I am performing Linear Regression using Weka Java API. The data set consists of UserId, URL visited by user, Time spend on Page. As the URL is a String attribute, I am facing problem while performing Linear Regression with above dataset. Is their any ready to use method which converts String to equivalent Int values in Weka. I have seen a similar kind of functionality in Mahout but could not find it in Weka. I can easily create a function to output Int values of the string by calculating the sum of ASCII if each characters, but I want a more reliable and already tested solution.
2 Answers
You are correct that linear regression only operates on numeric values. However, it is not at all true that just any old conversion from categorical values to numbers will be fine. For example, hashing a string gives a number, but would give completely meaningless results as a feature for linear regression.

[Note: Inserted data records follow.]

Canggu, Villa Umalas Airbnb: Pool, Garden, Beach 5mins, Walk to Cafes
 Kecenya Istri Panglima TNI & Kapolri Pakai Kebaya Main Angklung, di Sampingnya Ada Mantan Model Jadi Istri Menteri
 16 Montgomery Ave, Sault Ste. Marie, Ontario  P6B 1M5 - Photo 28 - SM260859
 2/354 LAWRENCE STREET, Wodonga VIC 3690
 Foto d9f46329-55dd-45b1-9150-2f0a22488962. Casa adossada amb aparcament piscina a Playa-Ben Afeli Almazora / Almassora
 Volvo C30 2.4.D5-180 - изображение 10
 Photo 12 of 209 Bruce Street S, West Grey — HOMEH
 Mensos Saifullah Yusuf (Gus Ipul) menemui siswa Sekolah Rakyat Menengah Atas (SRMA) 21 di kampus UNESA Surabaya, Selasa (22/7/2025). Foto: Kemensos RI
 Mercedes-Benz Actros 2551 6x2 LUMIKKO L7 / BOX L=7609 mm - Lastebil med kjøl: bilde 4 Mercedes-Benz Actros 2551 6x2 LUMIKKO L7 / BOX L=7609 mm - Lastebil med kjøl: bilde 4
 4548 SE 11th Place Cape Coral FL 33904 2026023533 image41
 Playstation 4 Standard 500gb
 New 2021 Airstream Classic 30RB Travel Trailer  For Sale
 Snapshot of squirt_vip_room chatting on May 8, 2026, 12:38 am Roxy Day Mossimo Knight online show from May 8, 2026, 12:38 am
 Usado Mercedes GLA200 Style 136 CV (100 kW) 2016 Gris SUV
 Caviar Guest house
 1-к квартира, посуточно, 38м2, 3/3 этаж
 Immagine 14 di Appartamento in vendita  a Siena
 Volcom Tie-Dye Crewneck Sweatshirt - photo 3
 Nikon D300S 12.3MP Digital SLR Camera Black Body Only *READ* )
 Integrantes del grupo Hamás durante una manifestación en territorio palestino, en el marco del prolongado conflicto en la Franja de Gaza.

Numeric values are expected to have an ordering and meaningful magnitude. What would it mean that "foo.com" is 135092 and "bar.com" is 985882? Linear regression would try to interpret "bar.com" as "something like 5 times larger than foo.com" which is nonsense.
You may be thinking of 1-of-n encoding, where you create a new 0/1 feature for every possible value (URL). This won't be feasible for URLs. Domains -- maybe.
While Weka LinearRegression classification is not working with String data type, you can try convert all the websites to nominal, which can be calculated by algorithm. I am not too sure how exactly algorithm performs, but in my experience it improved results in some cases (as nominal can be counted as repeating values, distance between values ~1 if not equal etc.).